Egypt's interior minister said on Sunday the government had proof that the Army of Islam, a Palestinian group linked to al Qaeda, was behind the New Year's Day bombing of a church that killed 23 people.
The Army of Islam praised the attack but denied involvement.
Egyptian officials had suspected an al Qaeda-inspired bomber was behind the blast that ripped through a crowd outside the church in the city of Alexandria, prompting protests by Christians that the state had not done enough to protect them.
An Iraq-based al Qaeda group had called for attacks on Egypt's Coptic Christians, who make up one tenth of the population, before the church bombing.

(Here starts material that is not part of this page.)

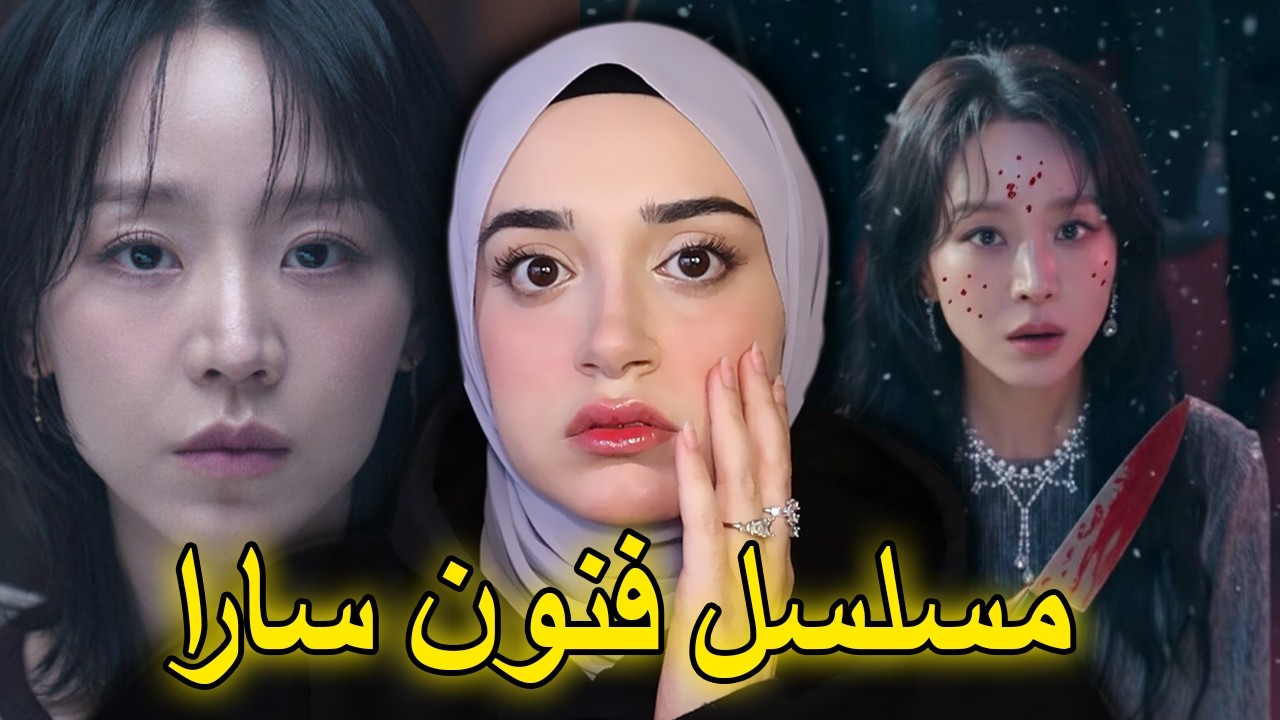 صاحبة أشهر براند في كوريا يكتشفون إنها ماتت داخل الصرف الصحي | ملخص مسلسل فنون سارة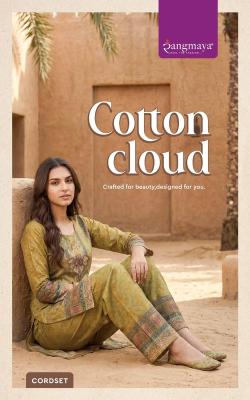 Rangmaya cotton cloud women coord set manufacturers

"If elements of the Palestinian Army of Islam, linked to al Qaeda, thought they had hidden behind elements that were recruited, we have decisive proof of their heinous involvement in planning and carrying out such a villainous terrorist act," Interior Minister Habib el-Adli said in a speech.
The bomber died in the blast, which wounded 97 people.
Egyptian state security had pointed to possible foreign involvement and officials said they were investigating several Palestinians who were perceived as possible threats.
A spokesman for the Army of Islam, which considers al-Qaeda's leaders as spiritual mentors, told Reuters in Gaza that the group "has no connection to the church attack in Egypt, though we praise those who did it."
President Hosni Mubarak, in an address broadcast on state TV, praised the police for their efforts to identify those responsible and said the attackers had sought to sow discord between Egyptian Copts and Muslims.
Sectarian tensions often flare over issues such as building churches or romantic relationships between members of both religions.
"We will not allow terrorism to shake our stability and horrify our people or attack the unity of Muslims and Copts," Mubarak said. "Egypt's security and stability are targeted."
The Army of Islam played a part in a cross-border attack in 2006 in the Gaza Strip in which Israeli soldier Gilad Shalit was abducted. The group later cut relations with Hamas, the Islamist group which controls Gaza, and has clashed with it.